In a wonderful essay by C.S. Lewis “On Reading Old Books,” he argues that we need to read old books because they can help us correct mistakes in the thinking of the modern era. We can see things more clearly in older thinkers because they are further away from us. One of the difficulties of our age is that we live in it. It is like we are standing in a forest and trying to see which parts of the forest are good and which parts are dead and dying. Inside the forest, we can see individual trees but it is almost impossible to see large sections of the forest. But if we were out of the forest and looking at it from a distance, it becomes much easier. Distance gives us perspective.

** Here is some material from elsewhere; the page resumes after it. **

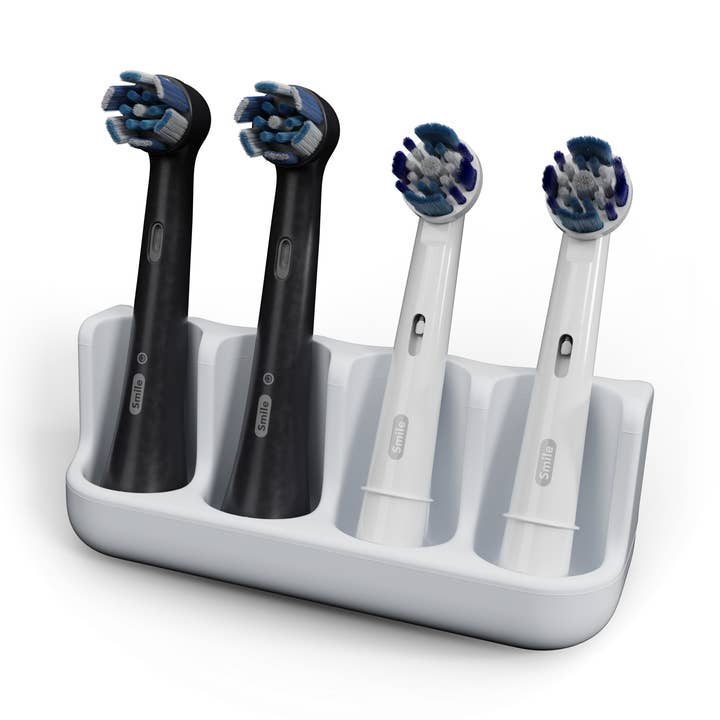 Qikfresh - Wholesale Toothbrush Holder - Holder for clip-on brushes (set of 4)7
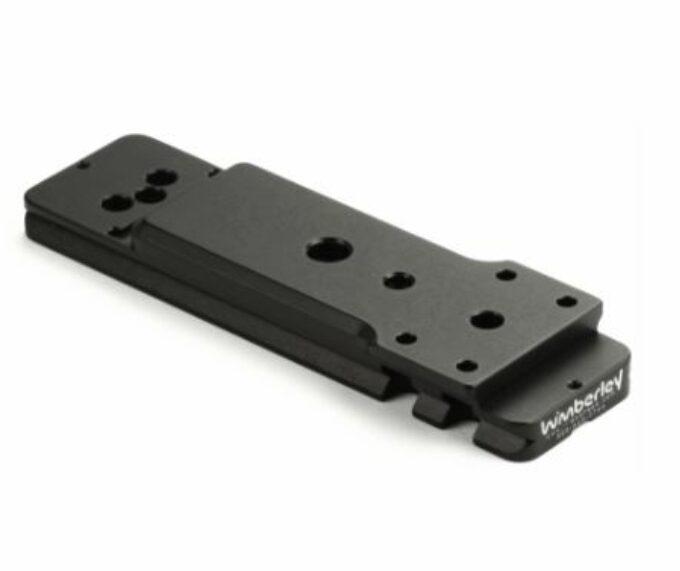 Wimberley AP-652 Replacement Foot for Nikon 600 f4.0 AF-S I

At one point in the essay, Lewis offers a poetic argument for reading these old works: “The only palliative is to keep the clean sea breeze of the centuries blowing through our minds, and this can be done only by reading old books.” This is a wonderful and persuasive image that he employs but it is incredibly easy to overemphasize the palliative nature of these old works. The sea breeze of the centuries is not always so clean.
Lewis himself acknowledges this fact in the next sentence: “Not, of course, that there is any magic about the past. People were no cleverer then than they are now; they made as many mistakes as we. But not the same mistakes.” This is an important point. The ancient writers and thinkers made mistakes just like we do. Men of every age are mistaken and sinful in different ways. This is especially true of the ancient pagans.
However I take issue with what Lewis says next: “They will not flatter us in the errors we are already committing; and their errors, being now open and palpable, will not endanger us.” At the time of Lewis writing this essay, it might have been the case that these errors were “open and palpable” but things have changed since then and we now live in a ruined western culture that has forgotten much of the conversation of the past. So a hundred years ago the errors of the ancients might have been easy to spot but that is no longer the case. As we look to the past, we need to be careful that we are not bringing in the dross with the gold.
The temptation especially for those in Classical and Christian Education is to downplay or ignore the evils and sins of the past. This temptation can be seen in how we talk about Socrates, Plato and other Greek writers. One litmus test would be to ask: when was the last time you heard someone talk about Socrates as a pedophile? Oh, it is mentioned here and there in hushed tones, but never really addressed. We are usually too busy talking about a story he tells about a cave. But are we being honest with students and parents if we ignore these things?
Now I am not saying we should only focus on the evil of these men but we need to be careful that we situate them in their proper context. While some of them were relatively good given the age in which they lived, we should not ignore their issues. But saying that most of them were homosexuals or pedophiles doesn’t really address the issue. The key issue is that they were not holy pagans. And we shouldn’t come to them that way. They, like the rest of the evil men of that age, needed the gospel’s light.
Many of us in the Classical and Christian Education movement are trying to recover something that we did not receive and so we must be careful to evaluate the past in the light of Scripture. Athanasius rightly says in his Contra Gentes “And, strange to say, even Plato, the sage admired among the Greeks, with all his vaunted understanding about God, goes down with Socrates to Peiræus to worship Artemis, a figment of man’s art.” The ancient pagans were still pagans all the way down to the ground. This means you can’t educate using the classical model if you don’t also have the Christian model in hand. This is especially true as you read and study the classical world. It was not neutral. It was hard-core paganism at its finest. And you will get roasted alive by Hades if you underestimate it.